Data records:
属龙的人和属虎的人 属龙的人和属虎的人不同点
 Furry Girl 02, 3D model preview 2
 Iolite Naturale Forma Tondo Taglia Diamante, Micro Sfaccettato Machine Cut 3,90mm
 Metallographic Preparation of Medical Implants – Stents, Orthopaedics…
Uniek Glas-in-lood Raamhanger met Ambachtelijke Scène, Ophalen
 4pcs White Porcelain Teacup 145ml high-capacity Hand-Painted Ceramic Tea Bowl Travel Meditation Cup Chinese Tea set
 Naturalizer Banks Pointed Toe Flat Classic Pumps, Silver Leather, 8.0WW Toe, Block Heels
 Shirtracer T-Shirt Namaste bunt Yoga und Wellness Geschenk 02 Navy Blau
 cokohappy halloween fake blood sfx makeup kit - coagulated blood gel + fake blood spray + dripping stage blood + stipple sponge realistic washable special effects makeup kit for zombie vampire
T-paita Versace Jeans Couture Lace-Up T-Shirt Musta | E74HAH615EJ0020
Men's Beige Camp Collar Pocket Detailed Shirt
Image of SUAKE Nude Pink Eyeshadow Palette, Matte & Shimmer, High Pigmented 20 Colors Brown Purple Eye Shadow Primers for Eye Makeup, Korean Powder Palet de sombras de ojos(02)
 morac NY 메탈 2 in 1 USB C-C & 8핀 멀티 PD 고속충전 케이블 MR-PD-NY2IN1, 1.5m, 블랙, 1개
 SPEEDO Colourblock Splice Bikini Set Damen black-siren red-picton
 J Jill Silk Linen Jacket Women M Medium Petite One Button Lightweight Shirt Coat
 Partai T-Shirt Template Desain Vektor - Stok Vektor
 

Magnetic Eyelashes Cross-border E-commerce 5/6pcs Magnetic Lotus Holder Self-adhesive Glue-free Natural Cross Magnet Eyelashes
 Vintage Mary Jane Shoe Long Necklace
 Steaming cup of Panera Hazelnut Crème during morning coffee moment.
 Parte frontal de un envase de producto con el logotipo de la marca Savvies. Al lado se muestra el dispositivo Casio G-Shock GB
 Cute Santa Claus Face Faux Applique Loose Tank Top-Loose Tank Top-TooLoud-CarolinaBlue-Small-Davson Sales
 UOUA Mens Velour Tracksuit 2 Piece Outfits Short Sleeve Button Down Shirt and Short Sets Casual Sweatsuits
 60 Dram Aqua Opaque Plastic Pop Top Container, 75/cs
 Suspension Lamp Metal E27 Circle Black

Exercise objective: Reproduce all of the records exactly.

Response area:
属龙的人和属虎的人 属龙的人和属虎的人不同点
 Furry Girl 02, 3D model preview 2
 Iolite Naturale Forma Tondo Taglia Diamante, Micro Sfaccettato Machine Cut 3,90mm
 Metallographic Preparation of Medical Implants – Stents, Orthopaedics…
Uniek Glas-in-lood Raamhanger met Ambachtelijke Scène, Ophalen
 4pcs White Porcelain Teacup 145ml high-capacity Hand-Painted Ceramic Tea Bowl Travel Meditation Cup Chinese Tea set
 Naturalizer Banks Pointed Toe Flat Classic Pumps, Silver Leather, 8.0WW Toe, Block Heels
 Shirtracer T-Shirt Namaste bunt Yoga und Wellness Geschenk 02 Navy Blau
 cokohappy halloween fake blood sfx makeup kit - coagulated blood gel + fake blood spray + dripping stage blood + stipple sponge realistic washable special effects makeup kit for zombie vampire
T-paita Versace Jeans Couture Lace-Up T-Shirt Musta | E74HAH615EJ0020
Men's Beige Camp Collar Pocket Detailed Shirt
Image of SUAKE Nude Pink Eyeshadow Palette, Matte & Shimmer, High Pigmented 20 Colors Brown Purple Eye Shadow Primers for Eye Makeup, Korean Powder Palet de sombras de ojos(02)
 morac NY 메탈 2 in 1 USB C-C & 8핀 멀티 PD 고속충전 케이블 MR-PD-NY2IN1, 1.5m, 블랙, 1개
 SPEEDO Colourblock Splice Bikini Set Damen black-siren red-picton
 J Jill Silk Linen Jacket Women M Medium Petite One Button Lightweight Shirt Coat
 Partai T-Shirt Template Desain Vektor - Stok Vektor
 

Magnetic Eyelashes Cross-border E-commerce 5/6pcs Magnetic Lotus Holder Self-adhesive Glue-free Natural Cross Magnet Eyelashes
 Vintage Mary Jane Shoe Long Necklace
 Steaming cup of Panera Hazelnut Crème during morning coffee moment.
 Parte frontal de un envase de producto con el logotipo de la marca Savvies. Al lado se muestra el dispositivo Casio G-Shock GB
 Cute Santa Claus Face Faux Applique Loose Tank Top-Loose Tank Top-TooLoud-CarolinaBlue-Small-Davson Sales
 UOUA Mens Velour Tracksuit 2 Piece Outfits Short Sleeve Button Down Shirt and Short Sets Casual Sweatsuits
 60 Dram Aqua Opaque Plastic Pop Top Container, 75/cs
 Suspension Lamp Metal E27 Circle Black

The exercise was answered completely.